═══ Listed records ═══

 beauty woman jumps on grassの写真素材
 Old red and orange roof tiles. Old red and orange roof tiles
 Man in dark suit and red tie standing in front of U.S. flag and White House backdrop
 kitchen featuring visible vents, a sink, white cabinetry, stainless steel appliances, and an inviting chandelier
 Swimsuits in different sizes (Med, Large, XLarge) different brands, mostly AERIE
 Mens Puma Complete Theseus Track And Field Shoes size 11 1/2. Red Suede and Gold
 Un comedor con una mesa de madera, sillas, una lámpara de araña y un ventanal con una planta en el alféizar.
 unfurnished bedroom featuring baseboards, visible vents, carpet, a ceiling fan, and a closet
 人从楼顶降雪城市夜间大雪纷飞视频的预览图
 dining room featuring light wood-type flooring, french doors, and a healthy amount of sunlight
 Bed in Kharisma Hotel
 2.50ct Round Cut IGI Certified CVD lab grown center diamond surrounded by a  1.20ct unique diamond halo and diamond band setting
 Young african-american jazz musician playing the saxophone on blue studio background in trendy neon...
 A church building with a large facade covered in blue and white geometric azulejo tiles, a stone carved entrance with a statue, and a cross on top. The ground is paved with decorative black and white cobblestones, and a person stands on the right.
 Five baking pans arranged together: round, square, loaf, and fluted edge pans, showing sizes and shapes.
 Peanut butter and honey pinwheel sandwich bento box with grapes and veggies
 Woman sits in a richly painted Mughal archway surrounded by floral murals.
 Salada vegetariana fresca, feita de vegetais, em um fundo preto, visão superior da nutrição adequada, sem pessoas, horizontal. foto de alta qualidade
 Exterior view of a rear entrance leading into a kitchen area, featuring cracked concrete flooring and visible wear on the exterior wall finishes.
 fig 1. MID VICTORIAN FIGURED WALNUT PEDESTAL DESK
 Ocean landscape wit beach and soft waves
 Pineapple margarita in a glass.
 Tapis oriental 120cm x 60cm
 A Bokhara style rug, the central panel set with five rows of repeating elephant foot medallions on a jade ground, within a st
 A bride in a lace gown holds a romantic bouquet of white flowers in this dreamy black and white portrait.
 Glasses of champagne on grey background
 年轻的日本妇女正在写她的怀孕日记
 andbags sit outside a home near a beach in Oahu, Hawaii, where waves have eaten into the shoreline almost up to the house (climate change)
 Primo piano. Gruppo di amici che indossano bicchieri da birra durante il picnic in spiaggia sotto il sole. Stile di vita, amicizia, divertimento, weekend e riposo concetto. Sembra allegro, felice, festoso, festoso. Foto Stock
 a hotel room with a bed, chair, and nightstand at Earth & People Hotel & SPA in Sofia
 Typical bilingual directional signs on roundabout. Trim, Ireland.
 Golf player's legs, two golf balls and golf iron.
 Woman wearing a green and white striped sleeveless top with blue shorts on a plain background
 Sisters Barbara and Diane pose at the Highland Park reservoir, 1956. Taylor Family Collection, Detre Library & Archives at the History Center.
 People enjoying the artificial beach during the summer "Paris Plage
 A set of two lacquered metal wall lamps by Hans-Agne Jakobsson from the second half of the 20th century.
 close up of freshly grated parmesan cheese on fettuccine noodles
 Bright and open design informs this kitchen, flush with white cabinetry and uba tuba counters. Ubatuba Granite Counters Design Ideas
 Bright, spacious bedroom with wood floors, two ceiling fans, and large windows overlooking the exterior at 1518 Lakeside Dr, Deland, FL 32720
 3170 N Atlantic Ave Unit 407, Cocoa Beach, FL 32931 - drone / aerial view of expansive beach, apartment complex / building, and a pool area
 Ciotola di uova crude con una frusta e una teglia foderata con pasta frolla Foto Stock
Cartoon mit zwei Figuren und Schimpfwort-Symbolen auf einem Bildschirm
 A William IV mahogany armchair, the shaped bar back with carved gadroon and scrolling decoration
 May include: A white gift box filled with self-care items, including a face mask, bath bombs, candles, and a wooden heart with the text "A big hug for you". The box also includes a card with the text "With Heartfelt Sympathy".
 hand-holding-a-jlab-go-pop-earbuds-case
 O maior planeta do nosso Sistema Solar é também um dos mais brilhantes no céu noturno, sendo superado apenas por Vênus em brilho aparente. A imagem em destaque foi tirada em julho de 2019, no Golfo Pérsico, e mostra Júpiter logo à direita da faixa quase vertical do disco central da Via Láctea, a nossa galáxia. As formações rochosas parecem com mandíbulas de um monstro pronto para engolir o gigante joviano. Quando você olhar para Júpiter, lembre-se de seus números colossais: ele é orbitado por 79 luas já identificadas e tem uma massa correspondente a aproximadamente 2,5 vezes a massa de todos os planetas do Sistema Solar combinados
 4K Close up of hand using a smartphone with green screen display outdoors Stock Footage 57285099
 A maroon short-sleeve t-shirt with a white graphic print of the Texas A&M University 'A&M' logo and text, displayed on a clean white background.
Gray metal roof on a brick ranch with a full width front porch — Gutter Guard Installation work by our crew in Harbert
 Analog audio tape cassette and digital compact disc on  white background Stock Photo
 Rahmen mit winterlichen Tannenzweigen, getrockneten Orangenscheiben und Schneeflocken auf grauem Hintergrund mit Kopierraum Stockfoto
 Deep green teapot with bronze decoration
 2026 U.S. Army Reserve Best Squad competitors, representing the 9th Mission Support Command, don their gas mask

═══

Task prompt
Please retype the entries above in full, exactly as they stand.

Solution to this task
 beauty woman jumps on grassの写真素材
 Old red and orange roof tiles. Old red and orange roof tiles
 Man in dark suit and red tie standing in front of U.S. flag and White House backdrop
 kitchen featuring visible vents, a sink, white cabinetry, stainless steel appliances, and an inviting chandelier
 Swimsuits in different sizes (Med, Large, XLarge) different brands, mostly AERIE
 Mens Puma Complete Theseus Track And Field Shoes size 11 1/2. Red Suede and Gold
 Un comedor con una mesa de madera, sillas, una lámpara de araña y un ventanal con una planta en el alféizar.
 unfurnished bedroom featuring baseboards, visible vents, carpet, a ceiling fan, and a closet
 人从楼顶降雪城市夜间大雪纷飞视频的预览图
 dining room featuring light wood-type flooring, french doors, and a healthy amount of sunlight
 Bed in Kharisma Hotel
 2.50ct Round Cut IGI Certified CVD lab grown center diamond surrounded by a  1.20ct unique diamond halo and diamond band setting
 Young african-american jazz musician playing the saxophone on blue studio background in trendy neon...
 A church building with a large facade covered in blue and white geometric azulejo tiles, a stone carved entrance with a statue, and a cross on top. The ground is paved with decorative black and white cobblestones, and a person stands on the right.
 Five baking pans arranged together: round, square, loaf, and fluted edge pans, showing sizes and shapes.
 Peanut butter and honey pinwheel sandwich bento box with grapes and veggies
 Woman sits in a richly painted Mughal archway surrounded by floral murals.
 Salada vegetariana fresca, feita de vegetais, em um fundo preto, visão superior da nutrição adequada, sem pessoas, horizontal. foto de alta qualidade
 Exterior view of a rear entrance leading into a kitchen area, featuring cracked concrete flooring and visible wear on the exterior wall finishes.
 fig 1. MID VICTORIAN FIGURED WALNUT PEDESTAL DESK
 Ocean landscape wit beach and soft waves
 Pineapple margarita in a glass.
 Tapis oriental 120cm x 60cm
 A Bokhara style rug, the central panel set with five rows of repeating elephant foot medallions on a jade ground, within a st
 A bride in a lace gown holds a romantic bouquet of white flowers in this dreamy black and white portrait.
 Glasses of champagne on grey background
 年轻的日本妇女正在写她的怀孕日记
 andbags sit outside a home near a beach in Oahu, Hawaii, where waves have eaten into the shoreline almost up to the house (climate change)
 Primo piano. Gruppo di amici che indossano bicchieri da birra durante il picnic in spiaggia sotto il sole. Stile di vita, amicizia, divertimento, weekend e riposo concetto. Sembra allegro, felice, festoso, festoso. Foto Stock
 a hotel room with a bed, chair, and nightstand at Earth & People Hotel & SPA in Sofia
 Typical bilingual directional signs on roundabout. Trim, Ireland.
 Golf player's legs, two golf balls and golf iron.
 Woman wearing a green and white striped sleeveless top with blue shorts on a plain background
 Sisters Barbara and Diane pose at the Highland Park reservoir, 1956. Taylor Family Collection, Detre Library & Archives at the History Center.
 People enjoying the artificial beach during the summer "Paris Plage
 A set of two lacquered metal wall lamps by Hans-Agne Jakobsson from the second half of the 20th century.
 close up of freshly grated parmesan cheese on fettuccine noodles
 Bright and open design informs this kitchen, flush with white cabinetry and uba tuba counters. Ubatuba Granite Counters Design Ideas
 Bright, spacious bedroom with wood floors, two ceiling fans, and large windows overlooking the exterior at 1518 Lakeside Dr, Deland, FL 32720
 3170 N Atlantic Ave Unit 407, Cocoa Beach, FL 32931 - drone / aerial view of expansive beach, apartment complex / building, and a pool area
 Ciotola di uova crude con una frusta e una teglia foderata con pasta frolla Foto Stock
Cartoon mit zwei Figuren und Schimpfwort-Symbolen auf einem Bildschirm
 A William IV mahogany armchair, the shaped bar back with carved gadroon and scrolling decoration
 May include: A white gift box filled with self-care items, including a face mask, bath bombs, candles, and a wooden heart with the text "A big hug for you". The box also includes a card with the text "With Heartfelt Sympathy".
 hand-holding-a-jlab-go-pop-earbuds-case
 O maior planeta do nosso Sistema Solar é também um dos mais brilhantes no céu noturno, sendo superado apenas por Vênus em brilho aparente. A imagem em destaque foi tirada em julho de 2019, no Golfo Pérsico, e mostra Júpiter logo à direita da faixa quase vertical do disco central da Via Láctea, a nossa galáxia. As formações rochosas parecem com mandíbulas de um monstro pronto para engolir o gigante joviano. Quando você olhar para Júpiter, lembre-se de seus números colossais: ele é orbitado por 79 luas já identificadas e tem uma massa correspondente a aproximadamente 2,5 vezes a massa de todos os planetas do Sistema Solar combinados
 4K Close up of hand using a smartphone with green screen display outdoors Stock Footage 57285099
 A maroon short-sleeve t-shirt with a white graphic print of the Texas A&M University 'A&M' logo and text, displayed on a clean white background.
Gray metal roof on a brick ranch with a full width front porch — Gutter Guard Installation work by our crew in Harbert
 Analog audio tape cassette and digital compact disc on  white background Stock Photo
 Rahmen mit winterlichen Tannenzweigen, getrockneten Orangenscheiben und Schneeflocken auf grauem Hintergrund mit Kopierraum Stockfoto
 Deep green teapot with bronze decoration
 2026 U.S. Army Reserve Best Squad competitors, representing the 9th Mission Support Command, don their gas mask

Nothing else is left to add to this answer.